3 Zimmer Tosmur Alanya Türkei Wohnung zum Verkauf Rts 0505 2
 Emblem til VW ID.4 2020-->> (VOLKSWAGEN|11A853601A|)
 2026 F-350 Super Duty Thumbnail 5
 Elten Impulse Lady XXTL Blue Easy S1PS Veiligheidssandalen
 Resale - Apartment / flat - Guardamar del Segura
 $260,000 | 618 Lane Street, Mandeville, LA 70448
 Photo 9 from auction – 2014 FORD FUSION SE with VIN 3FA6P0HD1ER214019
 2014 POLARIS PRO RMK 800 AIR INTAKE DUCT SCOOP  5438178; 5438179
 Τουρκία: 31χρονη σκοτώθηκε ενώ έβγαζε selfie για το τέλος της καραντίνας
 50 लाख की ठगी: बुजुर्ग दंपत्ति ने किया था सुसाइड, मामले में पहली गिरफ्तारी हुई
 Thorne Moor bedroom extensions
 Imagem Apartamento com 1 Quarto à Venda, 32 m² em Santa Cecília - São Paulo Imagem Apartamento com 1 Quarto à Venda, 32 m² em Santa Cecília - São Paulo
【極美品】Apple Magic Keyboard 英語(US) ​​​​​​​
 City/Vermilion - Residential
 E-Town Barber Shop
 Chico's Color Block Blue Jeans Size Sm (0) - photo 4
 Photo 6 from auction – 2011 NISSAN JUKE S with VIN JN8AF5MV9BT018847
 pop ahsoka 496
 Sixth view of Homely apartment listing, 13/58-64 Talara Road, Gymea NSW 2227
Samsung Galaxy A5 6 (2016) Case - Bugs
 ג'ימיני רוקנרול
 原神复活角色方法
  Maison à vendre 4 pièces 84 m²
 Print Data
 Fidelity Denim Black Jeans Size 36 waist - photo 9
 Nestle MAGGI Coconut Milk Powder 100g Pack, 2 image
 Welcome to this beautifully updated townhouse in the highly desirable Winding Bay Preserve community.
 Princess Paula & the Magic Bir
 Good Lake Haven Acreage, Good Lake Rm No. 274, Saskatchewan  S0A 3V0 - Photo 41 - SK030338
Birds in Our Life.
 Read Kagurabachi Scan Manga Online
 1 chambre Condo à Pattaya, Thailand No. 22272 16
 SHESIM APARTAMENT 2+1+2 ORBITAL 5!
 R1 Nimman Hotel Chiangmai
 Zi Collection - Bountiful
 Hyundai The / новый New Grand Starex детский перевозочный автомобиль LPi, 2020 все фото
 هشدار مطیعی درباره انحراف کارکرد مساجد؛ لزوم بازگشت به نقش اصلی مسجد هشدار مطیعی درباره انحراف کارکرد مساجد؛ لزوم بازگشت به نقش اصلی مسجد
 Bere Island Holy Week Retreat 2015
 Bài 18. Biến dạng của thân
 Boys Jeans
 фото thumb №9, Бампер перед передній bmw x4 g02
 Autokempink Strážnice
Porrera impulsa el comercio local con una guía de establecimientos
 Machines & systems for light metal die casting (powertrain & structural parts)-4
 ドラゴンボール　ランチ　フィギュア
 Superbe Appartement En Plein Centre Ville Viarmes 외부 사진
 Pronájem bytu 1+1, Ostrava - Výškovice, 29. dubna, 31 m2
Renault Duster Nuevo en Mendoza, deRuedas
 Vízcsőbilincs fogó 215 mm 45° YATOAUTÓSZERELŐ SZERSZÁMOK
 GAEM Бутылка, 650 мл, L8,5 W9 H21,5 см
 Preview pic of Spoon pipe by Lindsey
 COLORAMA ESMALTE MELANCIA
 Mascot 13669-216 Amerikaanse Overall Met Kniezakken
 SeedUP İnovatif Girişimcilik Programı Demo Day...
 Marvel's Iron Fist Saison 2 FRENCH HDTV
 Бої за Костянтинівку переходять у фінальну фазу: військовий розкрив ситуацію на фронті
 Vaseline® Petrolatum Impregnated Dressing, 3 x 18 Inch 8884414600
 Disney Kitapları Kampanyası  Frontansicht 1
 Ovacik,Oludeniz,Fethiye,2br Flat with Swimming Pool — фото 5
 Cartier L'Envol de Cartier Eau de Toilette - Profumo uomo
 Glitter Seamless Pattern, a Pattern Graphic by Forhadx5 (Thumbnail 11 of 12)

____________________

* _EXERCISE_
The response should hold exactly the lines starting at the line with "фото thumb №9, Бампер" and ending at the line with "Бої за Костянтинівку", and no other line of the material above.

* _EXERCISE RESULT_
 фото thumb №9, Бампер перед передній bmw x4 g02
 Autokempink Strážnice
Porrera impulsa el comercio local con una guía de establecimientos
 Machines & systems for light metal die casting (powertrain & structural parts)-4
 ドラゴンボール　ランチ　フィギュア
 Superbe Appartement En Plein Centre Ville Viarmes 외부 사진
 Pronájem bytu 1+1, Ostrava - Výškovice, 29. dubna, 31 m2
Renault Duster Nuevo en Mendoza, deRuedas
 Vízcsőbilincs fogó 215 mm 45° YATOAUTÓSZERELŐ SZERSZÁMOK
 GAEM Бутылка, 650 мл, L8,5 W9 H21,5 см
 Preview pic of Spoon pipe by Lindsey
 COLORAMA ESMALTE MELANCIA
 Mascot 13669-216 Amerikaanse Overall Met Kniezakken
 SeedUP İnovatif Girişimcilik Programı Demo Day...
 Marvel's Iron Fist Saison 2 FRENCH HDTV
 Бої за Костянтинівку переходять у фінальну фазу: військовий розкрив ситуацію на фронті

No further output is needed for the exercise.